Lech Wałęsa grozi Marii Kiszczak sądem. Jednocześnie apeluje o ujawnienie prawdy na temat dokumentów znalezionych po śmierci generała. Ta tłumaczy się ze swojej decyzji.

Pani Kiszczakowa, mam nadzieję, że Pani powie wszystkim prawdę o obecnie funkcjonującym kłamstwie i prowokacji zawartej w przygotowanym pomyśle teczek Kiszczaka. W przeciwnym razie sprawę skieruję do sądu. Mam już wystarczającą ilość dowodów i świadków, by osiągnąć prawdę – napisał Wałęsa, który najwyraźniej nie ma na tyle honoru, by wreszcie zamilknąć.

Wdowa po Czesławie Kiszczaku Maria Kiszczak odpowiedziała na wezwanie.
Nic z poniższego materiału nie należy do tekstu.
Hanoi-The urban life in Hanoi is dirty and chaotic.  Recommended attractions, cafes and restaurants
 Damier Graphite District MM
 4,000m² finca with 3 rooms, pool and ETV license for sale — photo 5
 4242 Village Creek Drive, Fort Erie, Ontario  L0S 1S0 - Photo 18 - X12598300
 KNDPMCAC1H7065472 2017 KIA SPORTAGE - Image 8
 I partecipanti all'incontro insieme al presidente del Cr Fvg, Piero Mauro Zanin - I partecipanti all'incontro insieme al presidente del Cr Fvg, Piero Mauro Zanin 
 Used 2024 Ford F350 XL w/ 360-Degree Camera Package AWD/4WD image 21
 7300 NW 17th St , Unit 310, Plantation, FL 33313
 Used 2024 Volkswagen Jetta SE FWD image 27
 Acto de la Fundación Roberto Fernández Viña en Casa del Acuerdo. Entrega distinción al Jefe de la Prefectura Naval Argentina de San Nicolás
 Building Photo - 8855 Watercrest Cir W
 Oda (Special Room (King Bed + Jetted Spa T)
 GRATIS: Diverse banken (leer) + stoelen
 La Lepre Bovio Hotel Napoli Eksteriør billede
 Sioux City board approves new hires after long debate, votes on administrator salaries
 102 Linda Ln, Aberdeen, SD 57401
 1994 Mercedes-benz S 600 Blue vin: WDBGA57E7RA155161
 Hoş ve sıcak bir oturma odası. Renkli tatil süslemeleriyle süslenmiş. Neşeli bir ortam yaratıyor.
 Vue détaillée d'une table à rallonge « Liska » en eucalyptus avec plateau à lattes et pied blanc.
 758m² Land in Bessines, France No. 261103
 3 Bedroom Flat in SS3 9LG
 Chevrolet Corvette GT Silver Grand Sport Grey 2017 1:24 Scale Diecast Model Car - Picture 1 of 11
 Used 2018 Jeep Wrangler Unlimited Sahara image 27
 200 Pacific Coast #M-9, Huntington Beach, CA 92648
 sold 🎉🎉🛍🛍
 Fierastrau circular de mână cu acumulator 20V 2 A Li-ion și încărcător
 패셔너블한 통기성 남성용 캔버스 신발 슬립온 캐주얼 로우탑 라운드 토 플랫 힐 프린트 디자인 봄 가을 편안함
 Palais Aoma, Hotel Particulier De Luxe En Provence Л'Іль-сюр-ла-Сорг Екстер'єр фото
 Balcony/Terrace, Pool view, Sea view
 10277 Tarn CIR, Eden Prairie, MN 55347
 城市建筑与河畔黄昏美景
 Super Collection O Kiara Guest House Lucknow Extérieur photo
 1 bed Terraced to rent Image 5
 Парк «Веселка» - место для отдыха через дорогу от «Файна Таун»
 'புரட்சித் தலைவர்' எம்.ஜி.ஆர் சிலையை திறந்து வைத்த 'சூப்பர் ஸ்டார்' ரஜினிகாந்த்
Stwierdziła, że dokumenty znalezione po śmierci męża ujawniła ze strachu.

Mąż przed śmiercią mi powiedział: to są teczki Wałęsy, jak będziesz mieć problemy, to weź je i idź do prezesa IPN. A niech mnie Wałęsa podaje do sądu, to samo powiem, co panu teraz. Po prostu obawiałam się o swoje życie i poszłam z tymi teczkami do IPN. A na co miałam czekać? Bałam się o swoje życie, że stanie się ze mną to, co z małżeństwem Jaroszewiczów – powiedziała „Super Expressowi” Kiszczak.